_WHAT YOU HAVE TO DO_
Word for word, print each line of the listing below; pictures stay out.
*** INPUT DATA ***
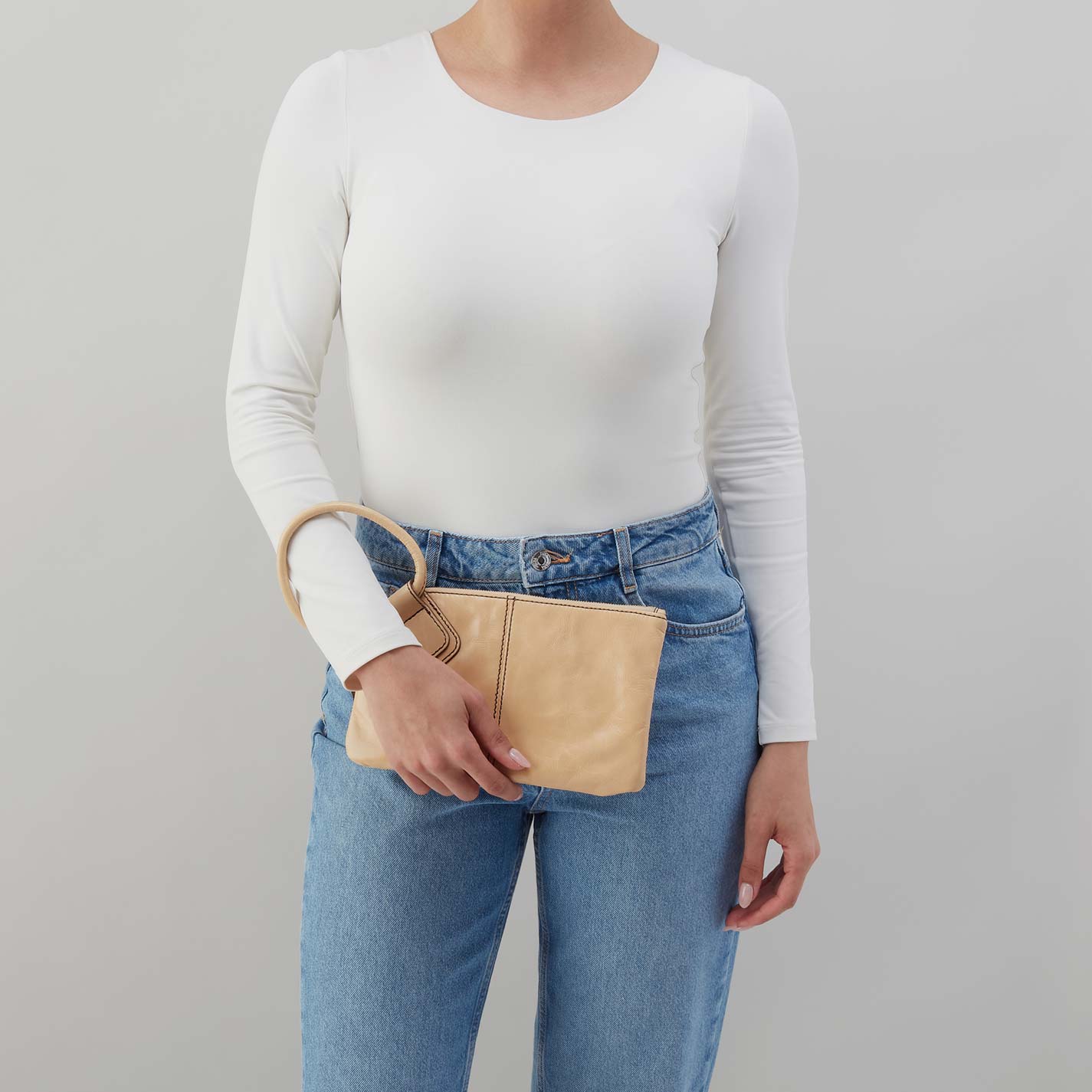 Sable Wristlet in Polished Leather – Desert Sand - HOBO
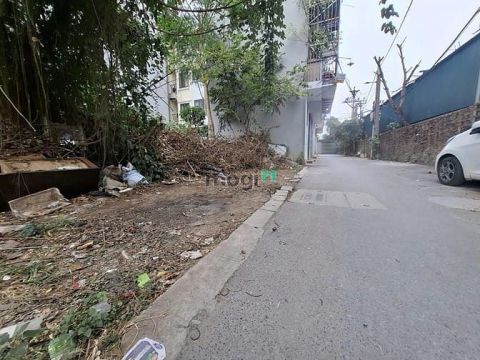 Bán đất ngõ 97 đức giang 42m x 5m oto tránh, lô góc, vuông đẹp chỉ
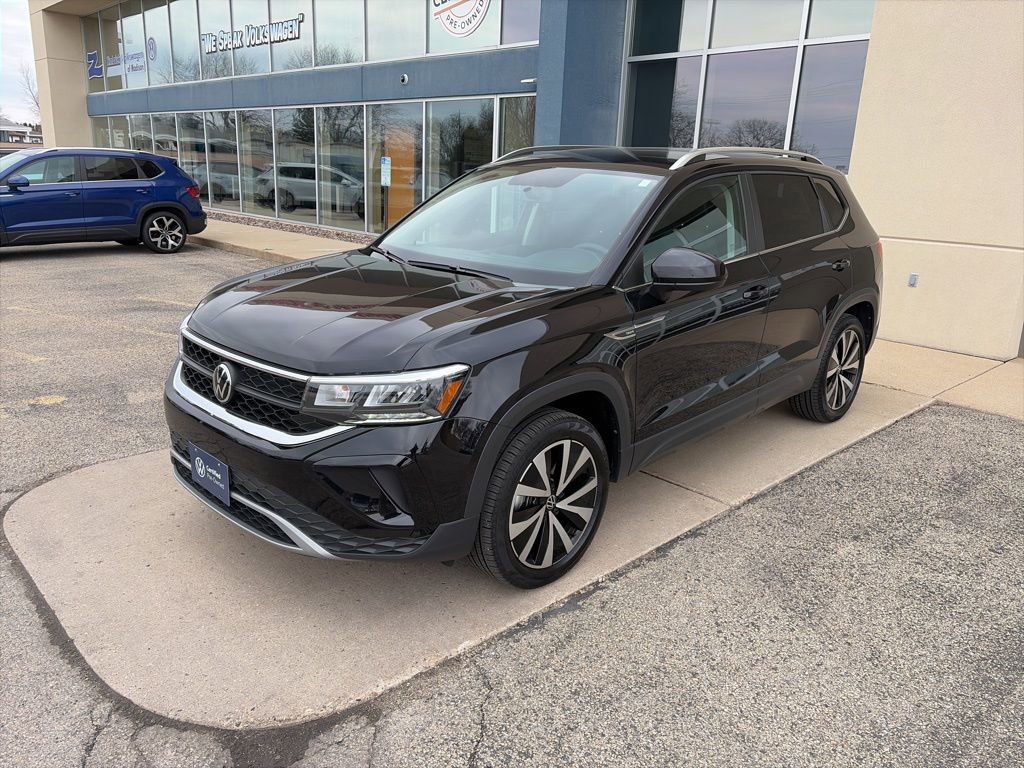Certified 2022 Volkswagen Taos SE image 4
***
_RESPONSE TO THIS EXERCISE_
 Sable Wristlet in Polished Leather – Desert Sand - HOBO
 Bán đất ngõ 97 đức giang 42m x 5m oto tránh, lô góc, vuông đẹp chỉ
Certified 2022 Volkswagen Taos SE image 4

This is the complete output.